S52A-01:
Stacking Global Seismograms Revisited

Friday, 19 December 2014: 10:20 AM
Peter M Shearer1, Janine S Buehler1, Marine Denolle1, Wenyuan Fan1, Zhitu Ma1, Nicholas J Mancinelli1, Robin S Matoza1, Wei Wang1, Yongfei Wang2 and Zhongwen Zhan1, (1)University of California San Diego, La Jolla, CA, United States, (2)San Diego State University, San Diego, CA, United States
Abstract:
Over 20 years ago, stacks of global seismograms produced direct images of the global seismic wavefield highlighting the visibility, frequency content, and polarity of known seismic phases, and also identified a host of new phases associated with reflections and phase conversions from upper-mantle discontinuities.

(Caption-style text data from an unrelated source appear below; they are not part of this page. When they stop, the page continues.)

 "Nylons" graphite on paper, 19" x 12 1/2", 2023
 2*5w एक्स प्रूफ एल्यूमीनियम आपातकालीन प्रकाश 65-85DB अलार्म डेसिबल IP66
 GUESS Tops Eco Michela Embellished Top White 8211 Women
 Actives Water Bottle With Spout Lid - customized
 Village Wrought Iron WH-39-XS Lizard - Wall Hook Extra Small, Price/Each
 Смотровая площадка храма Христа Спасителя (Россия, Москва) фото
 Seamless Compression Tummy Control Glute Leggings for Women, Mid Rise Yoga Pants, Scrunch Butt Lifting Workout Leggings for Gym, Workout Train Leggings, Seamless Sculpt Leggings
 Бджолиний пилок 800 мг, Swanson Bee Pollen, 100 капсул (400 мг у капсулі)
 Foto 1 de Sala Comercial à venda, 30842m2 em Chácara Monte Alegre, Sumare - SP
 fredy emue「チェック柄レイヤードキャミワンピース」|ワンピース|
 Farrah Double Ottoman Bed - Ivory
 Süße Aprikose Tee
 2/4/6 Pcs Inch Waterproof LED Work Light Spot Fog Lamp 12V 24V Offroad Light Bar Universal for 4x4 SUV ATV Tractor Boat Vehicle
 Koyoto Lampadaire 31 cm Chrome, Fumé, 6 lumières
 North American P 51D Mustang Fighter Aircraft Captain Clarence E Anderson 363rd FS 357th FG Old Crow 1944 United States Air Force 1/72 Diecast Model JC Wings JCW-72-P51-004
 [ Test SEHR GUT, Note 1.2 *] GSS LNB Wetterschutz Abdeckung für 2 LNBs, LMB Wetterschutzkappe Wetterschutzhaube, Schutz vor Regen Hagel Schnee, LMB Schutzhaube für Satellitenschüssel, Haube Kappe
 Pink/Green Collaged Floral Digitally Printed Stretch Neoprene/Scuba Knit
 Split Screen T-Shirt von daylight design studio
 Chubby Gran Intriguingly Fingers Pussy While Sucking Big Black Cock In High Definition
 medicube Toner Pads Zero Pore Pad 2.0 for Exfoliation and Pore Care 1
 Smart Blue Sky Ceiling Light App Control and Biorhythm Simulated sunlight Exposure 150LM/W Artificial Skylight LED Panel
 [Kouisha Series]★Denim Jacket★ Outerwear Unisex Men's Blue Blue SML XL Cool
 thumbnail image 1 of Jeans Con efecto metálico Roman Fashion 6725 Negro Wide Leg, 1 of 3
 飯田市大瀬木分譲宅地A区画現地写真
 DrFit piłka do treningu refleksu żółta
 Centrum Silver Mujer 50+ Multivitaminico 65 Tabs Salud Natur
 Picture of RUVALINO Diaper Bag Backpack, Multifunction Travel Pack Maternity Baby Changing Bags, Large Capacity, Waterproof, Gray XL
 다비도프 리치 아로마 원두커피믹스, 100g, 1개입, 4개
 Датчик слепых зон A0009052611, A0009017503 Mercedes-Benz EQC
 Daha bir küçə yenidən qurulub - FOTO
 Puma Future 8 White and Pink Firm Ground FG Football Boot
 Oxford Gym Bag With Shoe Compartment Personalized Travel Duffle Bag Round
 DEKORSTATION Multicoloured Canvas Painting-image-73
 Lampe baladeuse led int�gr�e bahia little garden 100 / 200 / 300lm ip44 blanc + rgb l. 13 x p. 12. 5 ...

Two different stacking methods proved particularly useful: (1) STA/LTA-filtered stacks that describe the local signal-to-noise characteristics of the major seismic phases. These serve to image the entire wavefield in a uniform way for educational purposes and to show which phases are observed most clearly as a guide to future research. These stacks also resolve SH versus SV timing differences consistent with radial anisotropy. (2) Reference-phase stacks that preserve the polarity, amplitude, and timing of traces with respect to a specified target phase. These show a large number of top-side and bottom-side reflections and phase conversions from the 410- and 660-km discontinuities that create weak phases with a characteristic "railroad track" appearance both preceding and following many of the main seismic phases. Reference-phase stacking can also be used to produce coherent surface-wave stacks at very long periods, which directly show the dispersive character of the surface waves.

Here we revisit and update these stacks by exploiting the vastly increased data now available from the IRIS DMC to produce greatly improved wavefield images. We present several examples of the different stacking approaches and point out their various features, including promising targets for future research.